Last week we showed that as part of the “new tax cut reality”, 2018 EPS forecasts have soared in the past few weeks as analysts scrambled to boost their earnings forecasts for companies benefiting from the lower corporate tax rate. Well, as of today, that surge has made further headway, and as the latest Bank of America chart below shows, the S&P is now trading off a year end EPS forecast of roughly 152, nearly 7 points higher compared to October.
Further, according to BofA estimates, the surge in year end EPS forecasts means that about 40-50% of the tax reform’s benefit of $13 EPS is now backed in.
That, however, has prompted more concerns out of Morgan Stanley, which as a reminder last week suggested that with S&P calls hitting an all time high, it is time to buy puts. Fast forward to today, when in a note released from Morgan Stanley’s Mike Wilson, the chief equity strategist writes that he continues to hear both clients and commentators suggest that tax cuts have not been priced and the powerful extension of the rally the past few weeks has only emboldened those with that view.
Morgan Stanley then admits that “we have been surprised at how fast forward EPS estimates have moved up post the signing of the tax deal.
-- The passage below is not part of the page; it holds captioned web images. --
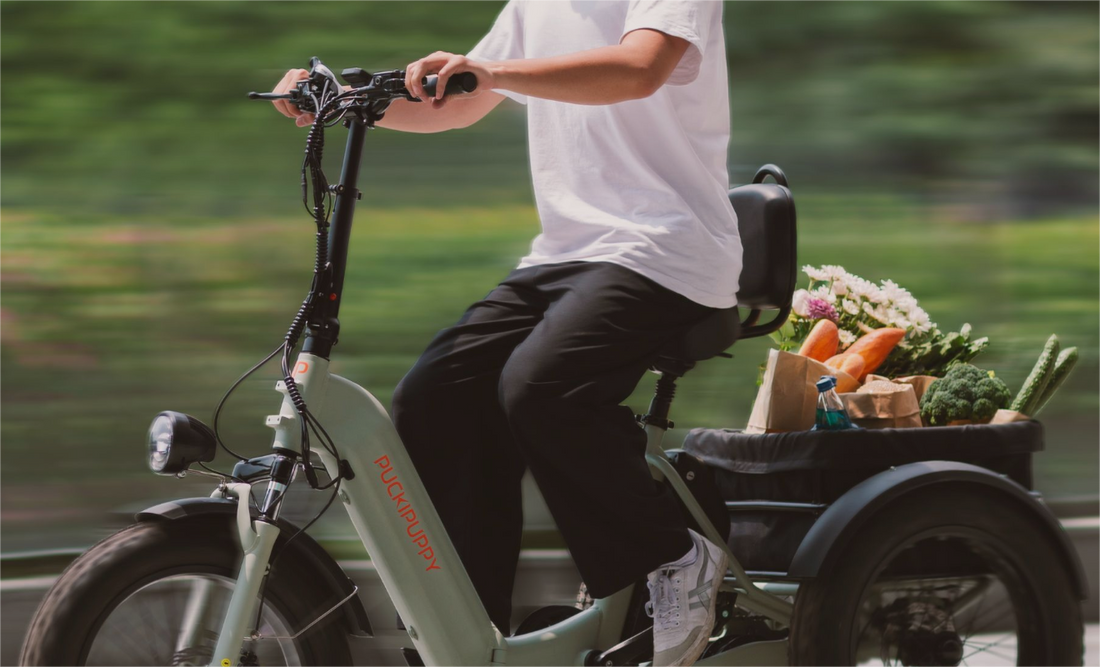 PUCKIPUPPY Husky - electric step through bike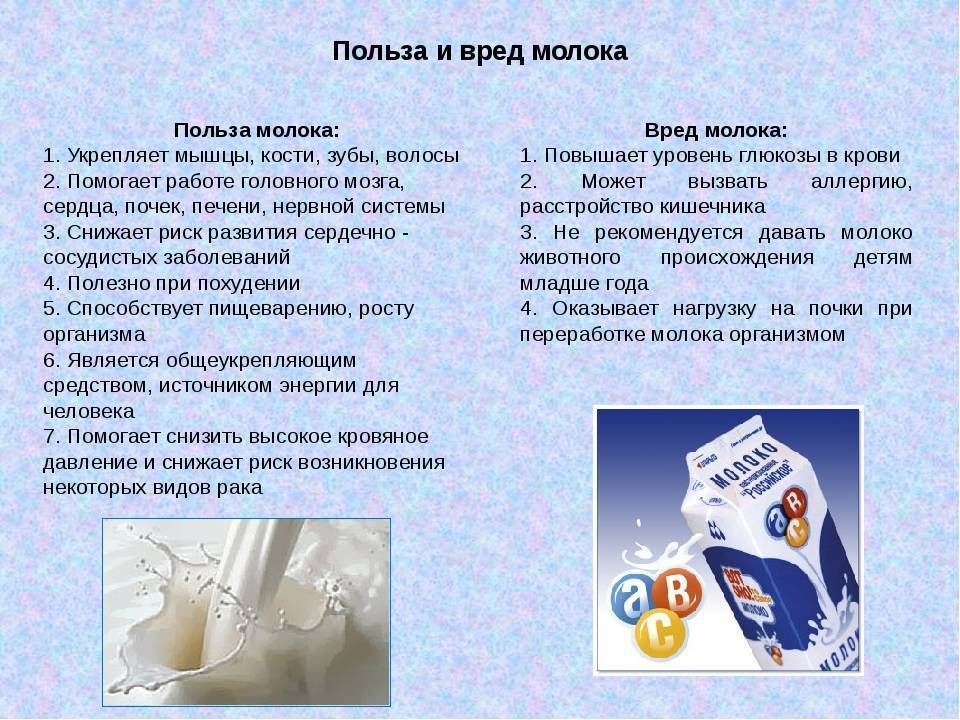 Натуральное цельное молоко. что такое цельное молоко: состав, польза, вред | milklife
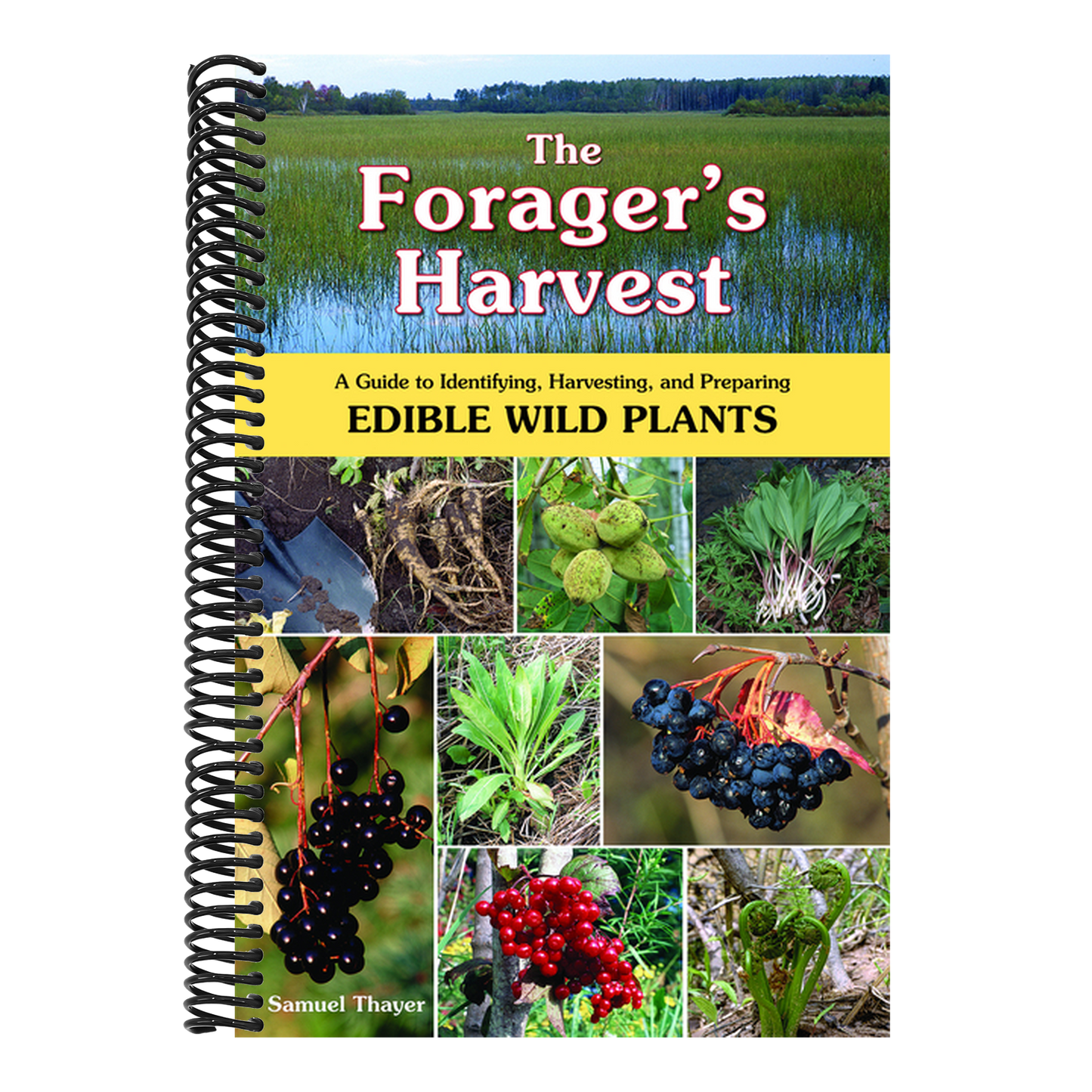 The Forager's Harvest: A Guide to Identifying, Harvesting, and Preparing Edible Wild Plants (Spiral Bound)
We thought it would be more gradual as companies hesitated to provide clear and detailed guidance on how tax would affect 2018 EPS, or indicated that it might not be as exciting as some were hoping–like FAST and AXP.“
Furthermore, as a counter to Bank of America, the exhibit below from Morgan Stanley shows “just how much has now been discounted with the almost parabolic move higher in forward S&P EPS from $145 to $152 in just 3 weeks.”
Wilson then suggests that contrary to BofA’s take, the tax cut is not only fully priced in, but the next move will be lower as multiples start to contract:
We have no beef with this increase and is generally in line with our estimate that tax cuts would add somewhere between $5-10 per share to S&P 2018 EPS. However, we are skeptical it will exceed $155 when all is said and done. Meanwhile, the multiple has also been rising suggesting the market is now expecting a further rise toward $155 or higher.
And to underscore his bearish take on the ongoing meltup, Morgan Stanley’s strategist writes that this strongly suggests that the “tax is fully priced, especially if one agrees with our view that multiples are likely to fall when the earnings revisions stop rising and investors recognize it’s lower quality growth and they are staring at a massive deceleration in 2019–$155 2018 EPS implies close to 17% y/y growth. Based on that, we are hard pressed to see much more than 5% earnings growth in 2019 even if the late cycle economic expansion continues; hardly a foregone conclusion in our view.”